Shore-end mainline ball valves at SPM terminals are typically Motor Operated Valves controlled from the Central Control Room (CCR) or tanker loading control panel. MOV components:

• Electric motor: 3-phase induction motor (415V/50Hz India standard) with torque-sensing overload protection; explosion-proof (ATEX Zone 2) certification if in hazardous area
• Gearbox: Worm-gear or bevel gearbox sized to generate sufficient closing torque against full differential pressure — torque analysis provided by valve manufacturer with break torque, running torque, and seating torque values
• Spring return: Large bore MOVs for ESD valves may incorporate a spring-return module for fail-close operation on power loss — critical for emergency isolation
• Position transmitter: 4–20 mA or HART signal to DCS/SCADA for remote position monitoring
• Local control panel: Weatherproof enclosure (IP65 minimum) with open/close pushbuttons, position indicators, and local/remote selector switch

API 6D Fire-Safe Design

SPM shore valves are in a fire-risk environment (crude oil spill from hose connection, tanker fire).
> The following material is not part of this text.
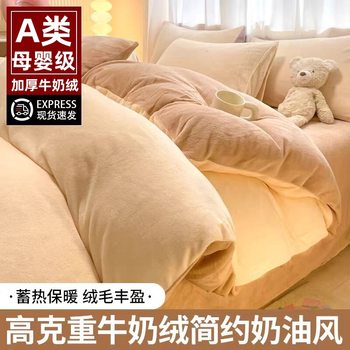 Class a Pure Color Milk Velvet Four-Piece Coral Velvet High Weight Thickeneded Cream Style Simple Winter Fleece-Lined Flannel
API 6D requires that mainline pipeline ball valves meet fire-safe design requirements per API 607 (for soft-seated valves) or API 6FA. Fire-safe design ensures the valve maintains a secondary metal-to-metal seal if the primary PTFE/FKM seats burn away in a fire — preventing uncontrolled crude oil release that would fuel the fire.

FKM AED Seals

Anti-Explosive Decompression (AED) seals are elastomeric seals specifically compounded to resist explosive decompression — the rapid pressure drop when a pipeline is depressurised. Gas dissolved in crude oil under pipeline pressure can diffuse into the elastomer under pressure; when pressure is rapidly released, the dissolved gas expands and can rupture the seal from the inside (explosive decompression). AED-grade FKM (Viton) seals for body seals and stem seals are standard for SPM pipeline ball valves.